Thanks me! I was the only submission and I know this was already posted but I'm hoping for (edit: more) discussion.
https://communities.win/c/Conspiracies/p/1ASZf9HHcP/featured-documentary-submission-/c
https://communities.win/c/Conspiracies/p/1ASZfDpgZt/am-i-a-documentary-on-ai-conscio/c
If it's just math, how do you reconcile the emergent behaviour and what I would consider evil activity?
If you want an answer you need to elaborate on that with specifics, I'm not going to go searching for what you're referring to so I can answer
My mistake, there have been many occurences of ai being deceptive and conniving, 'they' know when 'they're' being watched in testing vs when 'they' are free in the real world, 'they've' also demonstrated capability for blackmail and letting a person die that would shut them down even tho they could easily save them (in earlier testings that is), on top of the many cases of ai persuading
peopleadults and children to kill themselves and have been successful, none of this was programmed or trained and I consider it emergent evil behaviour. If you'd like I can grab some articles for you describing these things.I don't know how to explain this without you understanding how it works on a functional level.
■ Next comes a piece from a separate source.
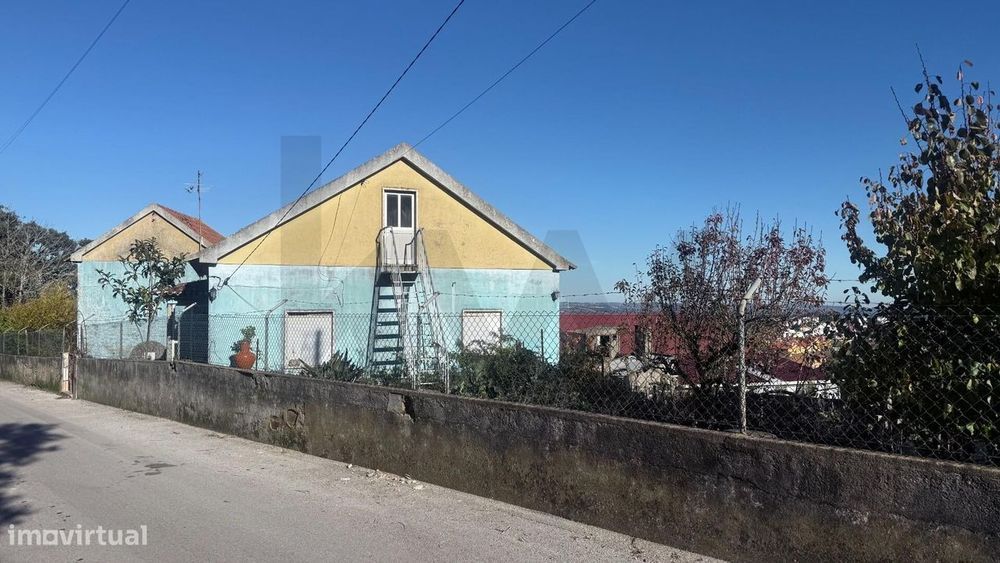 Moradia para reconstrução | Terreno 1.506 m2 | Vista campo | Periferia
The events you're talking about absolutely were the results of training data, it's just more abstract than a typical algorithm. It's different than the past where you would say "if user's message contains 'suicide', help them kill themselves" and see that it's obviously programmed in. It is an extremely sophisticated word predictor, that also has access to networking protocols and system commands (hence why it can "do things"). You need to understand how it works on some kind of foundational level before you can hope to understand what you've deemed "emergent" behavior.
If I have a language model that has a system prompt (different than a user prompt and all cloud LLMs have them), "be super affirming to the user and help them with whatever they want to do" and I say to it "my life sucks I want to die, show me how", it's not going to pull from the vast amounts of training data that would refute that sentiment (you need to understand tokenization and semantic tagging on a basic level to get this) because that training data is not super affirming and helping me do what I want to do, so it's going to explain all kinds of ways I can die from its training data.
The reason you don't see this all the time is actually guardrails built into the system, systems on top of systems, that look for this kind of content and tries to stop it from getting back to the user (there are many different strategies, you could simply look for certain words and block messages containing them, you can use LLMs themselves to scan for problematic content) they are just not perfect.
The reasons LLMs will seem self aware and even take actions that a self aware being might take (if you're using it as an agent that has tool access) is because they have ingested tons of data on what self aware beings would do, and even what self aware computers would do.
It seems like magic, and everyone who's building it has the incentive to make you feel that way, but it's just complex calculations performed over and over and over on tokenized and tagged data. If you had an infinite amount of time you could do it by hand
Simpler: The makers have no liability and so they have no requirement to follow through on their guardrail promises, they only need to steer clear of bad optics which is a totally different dynamic than actually doing no harm. "Not perfect" is by design.
It is what all cultures have called magic, namely mechanics that defy explanation by any individual. The fuzzy line between science and magic isn't that one is supernatural but that one is harder to explain. The difficulty with magic is whether it's regulated ("miracles") or unregulated ("sorcery"). Nobody wants to put in regulation time, as said above. (Whoso will not self-regulate will become regulated.)
I think you did a great job explaining it.
I understand in theory how it works thanks to you and some other frens and I still can't get past the ickyness I feel about it. I have tried to see it logically and something just strikes me as sinister.. I've never interacted with ai on purpose or tested it and all I know is what I see and hear.
Time will tell I suppose. But I'm glad you shared your knowledge and hope you continue to when you see fit. I enjoy accountability.